[Work request]: Give again only those lines from the start of the entries through the line holding "Item preview, Adorable", leaving them as they are.

[Recorded data]:

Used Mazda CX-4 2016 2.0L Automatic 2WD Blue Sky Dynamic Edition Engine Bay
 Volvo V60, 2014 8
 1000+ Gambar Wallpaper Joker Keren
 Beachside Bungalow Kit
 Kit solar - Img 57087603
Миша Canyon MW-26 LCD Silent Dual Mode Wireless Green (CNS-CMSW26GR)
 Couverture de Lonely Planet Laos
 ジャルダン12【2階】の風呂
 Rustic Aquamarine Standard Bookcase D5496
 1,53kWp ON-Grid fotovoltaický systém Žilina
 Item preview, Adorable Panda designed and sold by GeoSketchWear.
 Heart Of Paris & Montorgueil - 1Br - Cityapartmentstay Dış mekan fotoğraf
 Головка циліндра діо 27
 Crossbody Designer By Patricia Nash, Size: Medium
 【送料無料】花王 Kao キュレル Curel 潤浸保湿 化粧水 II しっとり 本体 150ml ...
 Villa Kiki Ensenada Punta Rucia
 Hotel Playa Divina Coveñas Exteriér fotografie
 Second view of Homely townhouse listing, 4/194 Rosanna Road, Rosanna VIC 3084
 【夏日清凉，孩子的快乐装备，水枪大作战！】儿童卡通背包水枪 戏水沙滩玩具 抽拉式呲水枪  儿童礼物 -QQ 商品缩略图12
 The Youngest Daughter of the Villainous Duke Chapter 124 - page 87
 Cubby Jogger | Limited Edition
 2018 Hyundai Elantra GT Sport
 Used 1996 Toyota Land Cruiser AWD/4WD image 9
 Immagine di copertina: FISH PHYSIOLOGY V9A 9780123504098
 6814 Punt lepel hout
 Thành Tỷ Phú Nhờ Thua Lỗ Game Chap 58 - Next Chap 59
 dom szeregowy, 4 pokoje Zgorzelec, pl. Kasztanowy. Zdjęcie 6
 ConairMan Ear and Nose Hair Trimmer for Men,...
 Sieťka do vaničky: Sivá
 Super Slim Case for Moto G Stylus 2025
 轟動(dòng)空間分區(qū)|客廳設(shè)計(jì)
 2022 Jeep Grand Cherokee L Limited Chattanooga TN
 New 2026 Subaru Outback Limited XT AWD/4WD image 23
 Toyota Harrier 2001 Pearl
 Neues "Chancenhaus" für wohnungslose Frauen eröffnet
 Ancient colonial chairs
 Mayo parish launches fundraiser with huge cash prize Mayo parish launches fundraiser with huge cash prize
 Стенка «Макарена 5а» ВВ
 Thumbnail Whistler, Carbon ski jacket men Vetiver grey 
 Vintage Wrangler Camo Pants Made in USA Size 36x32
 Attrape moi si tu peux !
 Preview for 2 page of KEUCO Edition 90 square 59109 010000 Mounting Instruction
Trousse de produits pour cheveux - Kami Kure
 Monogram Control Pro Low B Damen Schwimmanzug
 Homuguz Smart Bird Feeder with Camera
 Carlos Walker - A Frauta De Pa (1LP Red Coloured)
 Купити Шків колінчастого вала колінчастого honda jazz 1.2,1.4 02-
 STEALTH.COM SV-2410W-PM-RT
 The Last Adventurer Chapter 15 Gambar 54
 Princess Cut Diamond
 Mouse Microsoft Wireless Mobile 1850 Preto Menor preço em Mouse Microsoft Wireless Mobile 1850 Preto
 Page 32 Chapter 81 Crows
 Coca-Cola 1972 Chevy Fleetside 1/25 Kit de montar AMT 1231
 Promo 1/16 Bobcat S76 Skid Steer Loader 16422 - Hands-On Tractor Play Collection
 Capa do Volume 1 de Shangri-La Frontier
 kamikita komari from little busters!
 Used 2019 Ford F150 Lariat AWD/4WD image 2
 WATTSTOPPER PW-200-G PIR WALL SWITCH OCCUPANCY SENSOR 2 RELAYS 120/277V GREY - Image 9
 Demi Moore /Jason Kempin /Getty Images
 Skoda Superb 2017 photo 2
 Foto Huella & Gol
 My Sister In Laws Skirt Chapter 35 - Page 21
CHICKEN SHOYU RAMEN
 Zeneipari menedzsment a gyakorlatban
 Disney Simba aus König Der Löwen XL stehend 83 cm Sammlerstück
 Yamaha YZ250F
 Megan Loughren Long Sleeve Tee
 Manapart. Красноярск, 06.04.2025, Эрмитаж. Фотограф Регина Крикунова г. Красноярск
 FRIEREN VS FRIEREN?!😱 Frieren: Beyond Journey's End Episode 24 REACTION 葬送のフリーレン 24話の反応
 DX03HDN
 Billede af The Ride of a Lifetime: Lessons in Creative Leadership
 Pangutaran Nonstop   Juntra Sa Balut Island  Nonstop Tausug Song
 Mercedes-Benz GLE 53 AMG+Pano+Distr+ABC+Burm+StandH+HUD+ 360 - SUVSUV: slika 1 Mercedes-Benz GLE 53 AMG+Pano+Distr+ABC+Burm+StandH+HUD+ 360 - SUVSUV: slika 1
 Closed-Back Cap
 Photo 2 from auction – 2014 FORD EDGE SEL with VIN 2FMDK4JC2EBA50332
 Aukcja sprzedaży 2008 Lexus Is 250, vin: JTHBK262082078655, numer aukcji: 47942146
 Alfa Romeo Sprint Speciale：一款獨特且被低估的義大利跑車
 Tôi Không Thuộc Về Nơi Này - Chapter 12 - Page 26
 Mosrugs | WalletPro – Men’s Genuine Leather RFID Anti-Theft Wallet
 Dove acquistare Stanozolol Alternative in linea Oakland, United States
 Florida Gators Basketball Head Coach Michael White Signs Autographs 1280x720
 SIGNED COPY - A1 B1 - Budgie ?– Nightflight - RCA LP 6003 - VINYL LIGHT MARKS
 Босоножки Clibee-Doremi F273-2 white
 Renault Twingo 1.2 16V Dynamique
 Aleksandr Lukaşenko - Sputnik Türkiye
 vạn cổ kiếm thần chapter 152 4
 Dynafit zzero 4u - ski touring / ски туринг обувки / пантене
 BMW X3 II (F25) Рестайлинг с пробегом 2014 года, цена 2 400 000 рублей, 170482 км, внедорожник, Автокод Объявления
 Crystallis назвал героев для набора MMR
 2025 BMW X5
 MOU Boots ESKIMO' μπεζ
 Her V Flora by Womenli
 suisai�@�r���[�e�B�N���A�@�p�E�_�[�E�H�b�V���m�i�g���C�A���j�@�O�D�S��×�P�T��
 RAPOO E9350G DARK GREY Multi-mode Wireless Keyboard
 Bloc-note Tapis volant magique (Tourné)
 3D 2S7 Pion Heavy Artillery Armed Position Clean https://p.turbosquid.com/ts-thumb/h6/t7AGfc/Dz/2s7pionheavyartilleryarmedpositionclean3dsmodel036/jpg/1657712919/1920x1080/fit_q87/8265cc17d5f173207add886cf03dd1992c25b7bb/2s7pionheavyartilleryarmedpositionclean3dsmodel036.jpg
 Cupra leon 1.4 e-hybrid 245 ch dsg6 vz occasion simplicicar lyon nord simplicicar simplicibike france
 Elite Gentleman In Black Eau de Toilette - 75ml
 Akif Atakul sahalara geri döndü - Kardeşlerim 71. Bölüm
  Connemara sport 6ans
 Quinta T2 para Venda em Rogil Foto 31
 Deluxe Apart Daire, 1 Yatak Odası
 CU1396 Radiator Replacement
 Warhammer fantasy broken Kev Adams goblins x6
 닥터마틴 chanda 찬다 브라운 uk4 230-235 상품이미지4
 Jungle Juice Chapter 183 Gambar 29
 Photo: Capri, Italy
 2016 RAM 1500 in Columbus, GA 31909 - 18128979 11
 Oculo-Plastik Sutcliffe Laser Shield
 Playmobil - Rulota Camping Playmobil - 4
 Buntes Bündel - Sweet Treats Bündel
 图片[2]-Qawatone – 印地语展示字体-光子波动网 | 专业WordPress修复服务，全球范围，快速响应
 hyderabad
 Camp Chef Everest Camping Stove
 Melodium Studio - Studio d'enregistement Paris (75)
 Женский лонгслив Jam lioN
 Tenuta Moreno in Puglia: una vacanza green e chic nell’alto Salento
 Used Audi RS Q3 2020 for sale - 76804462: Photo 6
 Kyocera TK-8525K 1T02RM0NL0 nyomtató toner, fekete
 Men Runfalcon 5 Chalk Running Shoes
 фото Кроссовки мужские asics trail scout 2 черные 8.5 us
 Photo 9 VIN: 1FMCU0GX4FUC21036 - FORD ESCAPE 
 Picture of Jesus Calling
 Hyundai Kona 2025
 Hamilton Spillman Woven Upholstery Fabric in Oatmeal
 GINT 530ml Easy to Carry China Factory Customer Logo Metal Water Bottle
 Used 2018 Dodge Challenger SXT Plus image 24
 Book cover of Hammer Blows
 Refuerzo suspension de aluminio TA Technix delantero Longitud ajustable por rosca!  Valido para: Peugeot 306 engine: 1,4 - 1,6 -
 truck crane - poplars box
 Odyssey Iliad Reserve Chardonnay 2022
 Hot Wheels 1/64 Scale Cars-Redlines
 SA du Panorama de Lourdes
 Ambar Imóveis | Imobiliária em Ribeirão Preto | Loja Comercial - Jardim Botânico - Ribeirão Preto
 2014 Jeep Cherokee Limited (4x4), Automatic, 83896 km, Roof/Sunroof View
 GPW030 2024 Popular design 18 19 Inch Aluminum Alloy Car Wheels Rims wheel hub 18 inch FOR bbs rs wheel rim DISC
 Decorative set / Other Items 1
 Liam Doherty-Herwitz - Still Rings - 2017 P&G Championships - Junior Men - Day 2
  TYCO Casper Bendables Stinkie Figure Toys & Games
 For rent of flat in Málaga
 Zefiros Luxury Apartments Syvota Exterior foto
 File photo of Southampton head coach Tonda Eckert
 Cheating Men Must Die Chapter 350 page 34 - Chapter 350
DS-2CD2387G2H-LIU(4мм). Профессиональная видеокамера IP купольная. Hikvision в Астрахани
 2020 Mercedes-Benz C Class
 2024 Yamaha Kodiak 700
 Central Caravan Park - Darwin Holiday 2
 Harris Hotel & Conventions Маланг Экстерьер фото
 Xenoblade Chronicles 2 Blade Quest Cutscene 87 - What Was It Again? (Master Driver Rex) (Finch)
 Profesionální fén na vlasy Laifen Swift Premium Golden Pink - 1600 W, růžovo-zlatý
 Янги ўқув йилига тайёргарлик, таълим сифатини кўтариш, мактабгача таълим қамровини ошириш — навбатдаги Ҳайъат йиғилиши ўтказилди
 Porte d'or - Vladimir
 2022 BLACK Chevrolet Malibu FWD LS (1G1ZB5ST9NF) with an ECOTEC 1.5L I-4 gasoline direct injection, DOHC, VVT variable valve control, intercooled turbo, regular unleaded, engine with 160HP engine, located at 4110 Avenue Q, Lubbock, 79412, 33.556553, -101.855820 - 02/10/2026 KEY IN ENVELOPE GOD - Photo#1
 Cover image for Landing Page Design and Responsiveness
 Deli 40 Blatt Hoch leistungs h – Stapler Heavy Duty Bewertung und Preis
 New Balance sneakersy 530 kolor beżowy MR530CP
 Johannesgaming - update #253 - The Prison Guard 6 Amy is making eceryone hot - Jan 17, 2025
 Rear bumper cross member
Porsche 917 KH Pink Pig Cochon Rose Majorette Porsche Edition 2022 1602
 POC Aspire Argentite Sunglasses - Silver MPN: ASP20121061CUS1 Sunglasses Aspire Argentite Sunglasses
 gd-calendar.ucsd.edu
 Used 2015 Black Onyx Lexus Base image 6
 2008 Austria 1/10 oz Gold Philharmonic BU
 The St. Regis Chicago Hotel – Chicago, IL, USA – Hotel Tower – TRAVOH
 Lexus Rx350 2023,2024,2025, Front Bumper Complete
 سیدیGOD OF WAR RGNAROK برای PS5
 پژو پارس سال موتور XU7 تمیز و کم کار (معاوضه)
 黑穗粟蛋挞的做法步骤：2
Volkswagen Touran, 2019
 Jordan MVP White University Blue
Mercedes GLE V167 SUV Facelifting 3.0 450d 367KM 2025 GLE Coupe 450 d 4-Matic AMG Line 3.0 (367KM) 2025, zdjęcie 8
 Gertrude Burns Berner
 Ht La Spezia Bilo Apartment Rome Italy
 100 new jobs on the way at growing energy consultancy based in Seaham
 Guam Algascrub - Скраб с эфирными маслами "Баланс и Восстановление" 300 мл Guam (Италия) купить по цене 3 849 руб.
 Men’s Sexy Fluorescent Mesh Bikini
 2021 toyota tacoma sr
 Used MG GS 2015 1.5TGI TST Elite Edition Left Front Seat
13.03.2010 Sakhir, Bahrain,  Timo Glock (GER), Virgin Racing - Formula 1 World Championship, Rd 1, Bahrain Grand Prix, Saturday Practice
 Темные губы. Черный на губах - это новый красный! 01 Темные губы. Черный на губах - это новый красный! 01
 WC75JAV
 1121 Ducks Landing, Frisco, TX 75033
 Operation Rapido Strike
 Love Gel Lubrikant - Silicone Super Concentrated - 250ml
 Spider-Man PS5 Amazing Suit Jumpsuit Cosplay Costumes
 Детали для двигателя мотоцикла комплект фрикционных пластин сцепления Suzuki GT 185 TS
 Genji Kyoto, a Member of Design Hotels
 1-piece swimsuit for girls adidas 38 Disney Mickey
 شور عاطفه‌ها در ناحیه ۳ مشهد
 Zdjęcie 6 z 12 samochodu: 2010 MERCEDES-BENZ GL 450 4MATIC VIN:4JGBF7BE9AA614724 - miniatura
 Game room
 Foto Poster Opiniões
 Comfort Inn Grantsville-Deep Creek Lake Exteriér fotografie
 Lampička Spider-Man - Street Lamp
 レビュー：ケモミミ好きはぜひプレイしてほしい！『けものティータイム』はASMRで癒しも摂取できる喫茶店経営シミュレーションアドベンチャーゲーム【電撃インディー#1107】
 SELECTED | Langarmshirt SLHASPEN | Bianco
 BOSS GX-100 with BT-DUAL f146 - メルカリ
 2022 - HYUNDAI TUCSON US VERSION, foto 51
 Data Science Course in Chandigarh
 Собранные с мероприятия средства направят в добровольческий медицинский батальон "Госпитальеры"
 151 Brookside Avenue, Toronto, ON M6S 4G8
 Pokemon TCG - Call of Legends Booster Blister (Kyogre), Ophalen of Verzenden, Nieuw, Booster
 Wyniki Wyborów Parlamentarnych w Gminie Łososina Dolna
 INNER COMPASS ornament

[Answer space]:
Used Mazda CX-4 2016 2.0L Automatic 2WD Blue Sky Dynamic Edition Engine Bay
 Volvo V60, 2014 8
 1000+ Gambar Wallpaper Joker Keren
 Beachside Bungalow Kit
 Kit solar - Img 57087603
Миша Canyon MW-26 LCD Silent Dual Mode Wireless Green (CNS-CMSW26GR)
 Couverture de Lonely Planet Laos
 ジャルダン12【2階】の風呂
 Rustic Aquamarine Standard Bookcase D5496
 1,53kWp ON-Grid fotovoltaický systém Žilina
 Item preview, Adorable Panda designed and sold by GeoSketchWear.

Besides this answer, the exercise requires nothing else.